### What the exercise asks
Output the span of lines from the one that contains "Душевая система Vincea" through the end of the records, inclusive, exactly as written and free of pictures.

Segment Start: Provided data

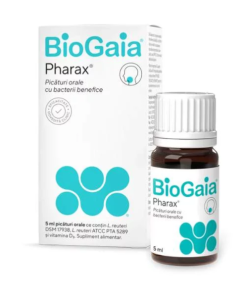 Biogaia Pharax D3 Kapi s Probiotikom 5ml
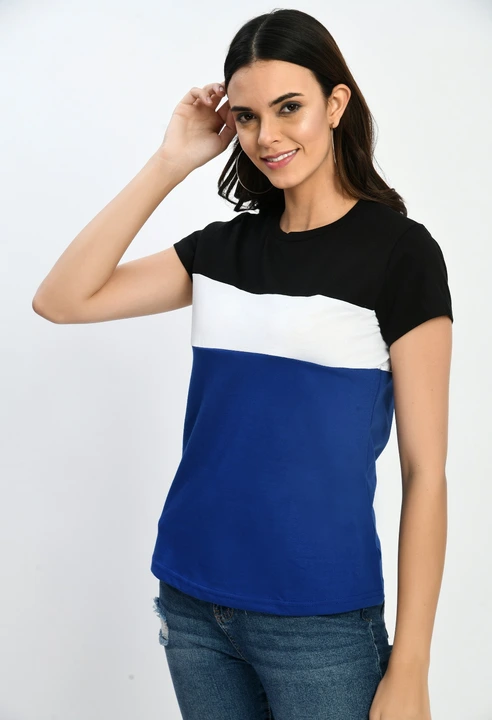 Women Top Half Sleeve and size S to XL cotton fabric  uploaded by Aasma Fashion Knitwear on 6/10/2023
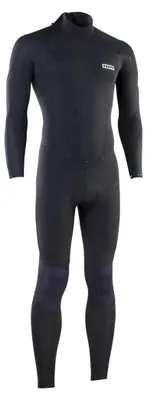 Produktbild von Ion Element 3/2 Langarm-neoprenanzug Mit Reißverschluss Am Rücken Schwarz S Schwarz S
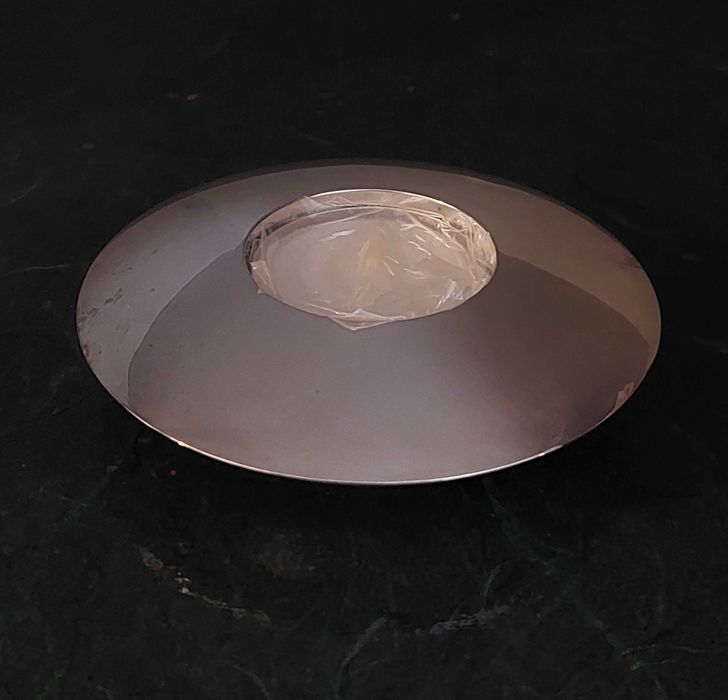 Suporte para vela estilo contemporâneo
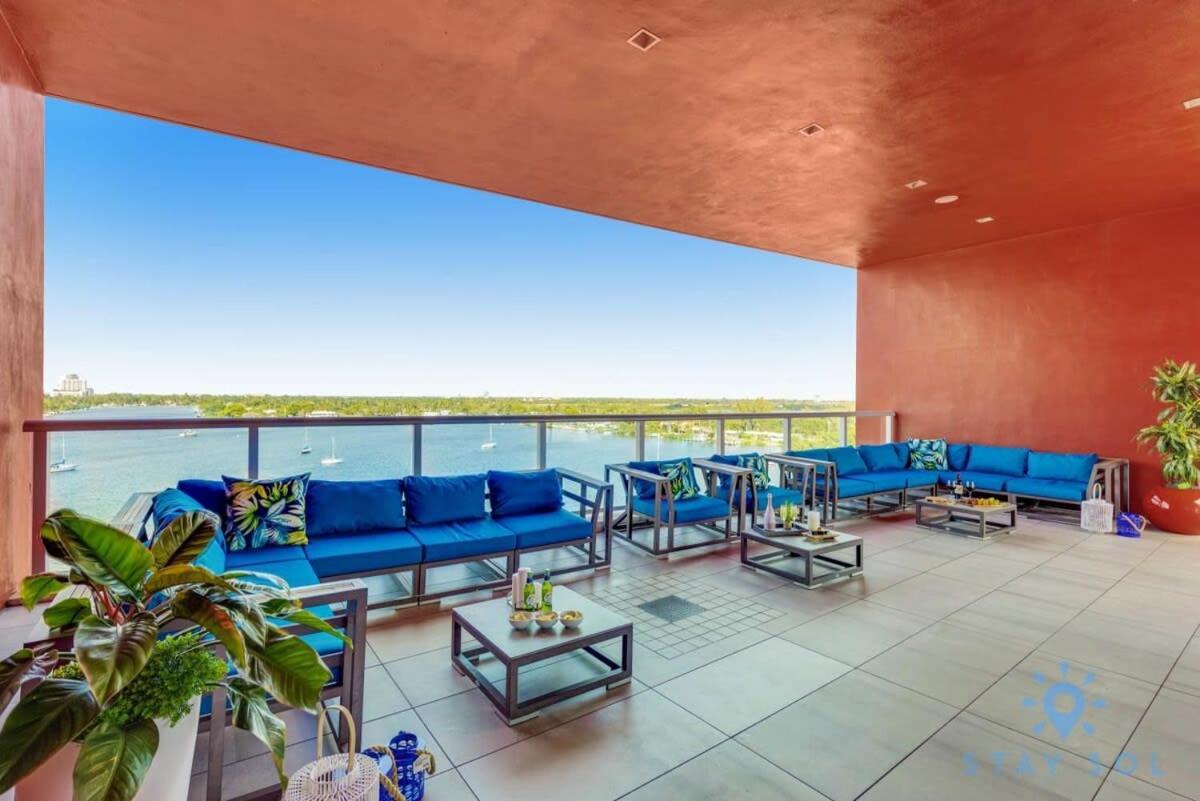 Perfect Relax - Rooftop Pool - Gym - Hot Tub Hollywood Exterior foto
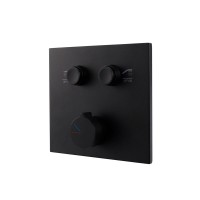 Душевая система Vincea Inspire VSFW-421I3MB, цвет черный матовый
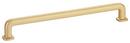 Cabinet Pull in Satin Brass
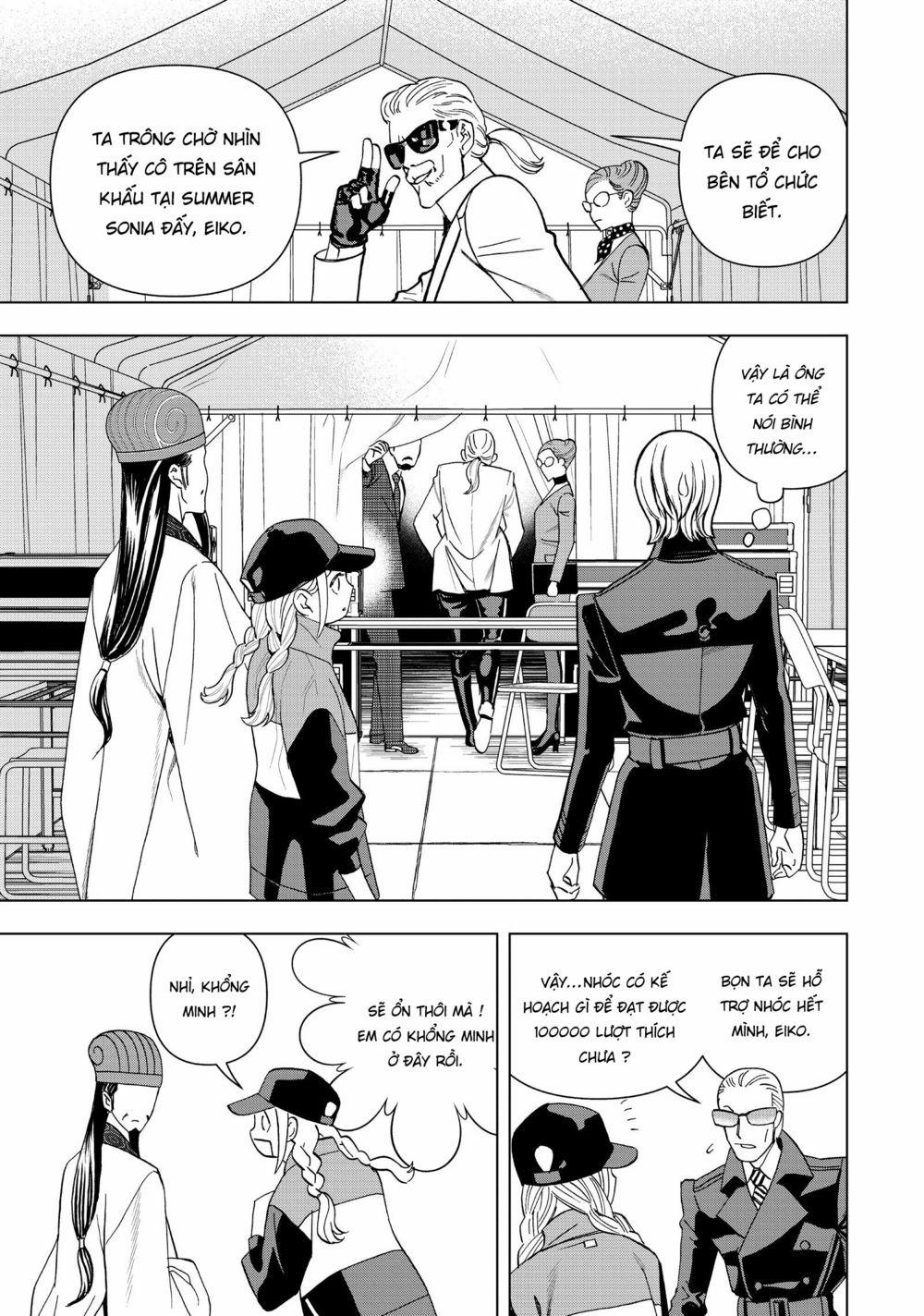 Khổng Minh Thích Tiệc Tùng 0 Khổng Minh, thắp sáng con đường ấy trang 14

Segment End: Provided data

### Written solution
 Душевая система Vincea Inspire VSFW-421I3MB, цвет черный матовый
 Cabinet Pull in Satin Brass
 Khổng Minh Thích Tiệc Tùng 0 Khổng Minh, thắp sáng con đường ấy trang 14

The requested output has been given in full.